Esse acúmulo de competência técnica, porém, não se fez acompanhar
de uma maior capacidade de lidar
com determinadas situações políticas. Os progressos não trouxeram
consigo o fim da miséria e das guerras. Ao contrário, o saber técnico tem
muitas vezes ampliado até escalas industriais a habilidade humana em
matar semelhantes. Necessidades
bélicas têm se constituído, para o
bem e para o mal, na vanguarda do
desenvolvimento científico. Foi a
bomba atômica que nos levou ao domínio da energia nuclear. Analogamente, foi a corrida espacial no contexto da Guerra Fria que proporcionou o uso de satélites.
Basta, porém, percorrer o noticiário internacional dos últimos dias
para fazer com que até o mais rematado dos positivistas tenha abalada
sua confiança no progresso da humanidade. Já chegam a centenas as
fotos de soldados norte-americanos
infligindo maus-tratos a prisioneiros
no Iraque. Como pessoas mentalmente sãs evitam deixar-se fotografar em situações comprometedoras,
parece lícito concluir que a tortura
era generalizada. Em represália, extremistas islâmicos degolam um civil norte-americano que haviam tomado como refém. Colocam as imagens do bárbaro crime na internet.

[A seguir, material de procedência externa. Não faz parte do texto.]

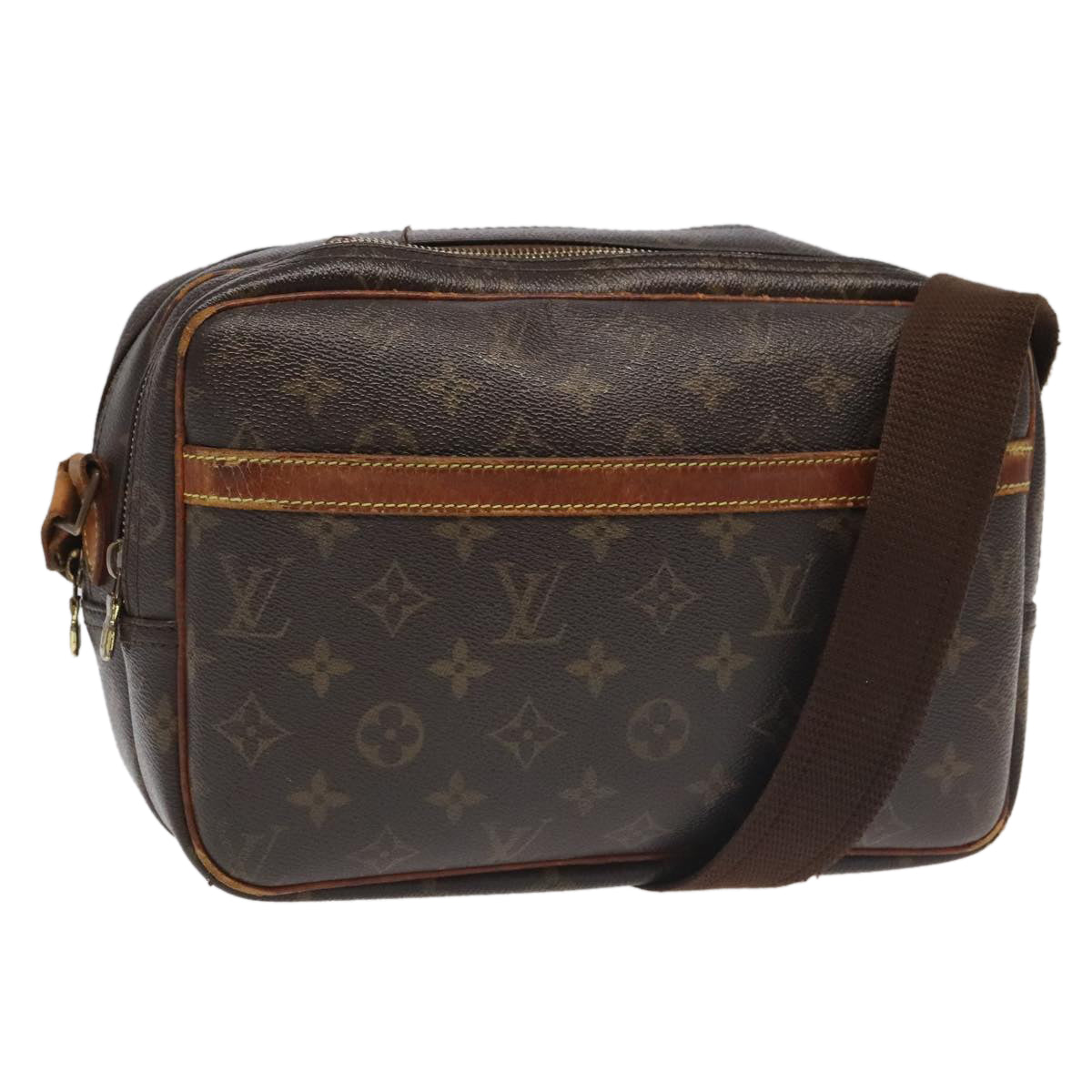 LOUIS VUITTON Monogram Reporter PM Shoulder Bag M45254 LV Auth 96757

Algumas centenas de quilômetros
a oeste, tropas israelenses fazem
uma nova incursão em Gaza que deixa um saldo de vários palestinos
mortos. Uma emboscada contra um
veículo militar israelense custou a vida a cinco soldados. Pedaços de seus
corpos foram exibidos como troféus.
Essas são apenas as ocorrências da
semana que ganharam maior visibilidade. Há em curso dezenas de outros conflitos e presumivelmente incontáveis demonstrações de barbárie, a maioria fora do alcance -ou
do interesse- da mídia.
O ceticismo em relação ao progresso humano talvez possa ser contrastado, numa retrospectiva de maior
amplitude, por alguns avanços incontestáveis, ainda que em quantidade e ritmo menor do que os desejáveis. Com efeito, no espaço relativamente curto dos últimos dois ou três
séculos, a chaga da escravidão foi
quase erradicada do planeta. Ela subsiste apenas endemicamente, em situações especiais. Mesmo a tortura
passou de procedimento judicial regular a instrumento clandestino que
desperta a indignação de grande parte da opinião pública mundial.
O que as imagens de violência desmedida divulgadas nos últimos dias
evidenciam é o quanto ainda há que
se caminhar para a elevação dos padrões civilizatórios em todos os quadrantes do planeta. A natureza humana, que por vezes se revela terrivelmente brutal, não pode ser apagada, mas pode e deve ser moldada pelas forças da civilização.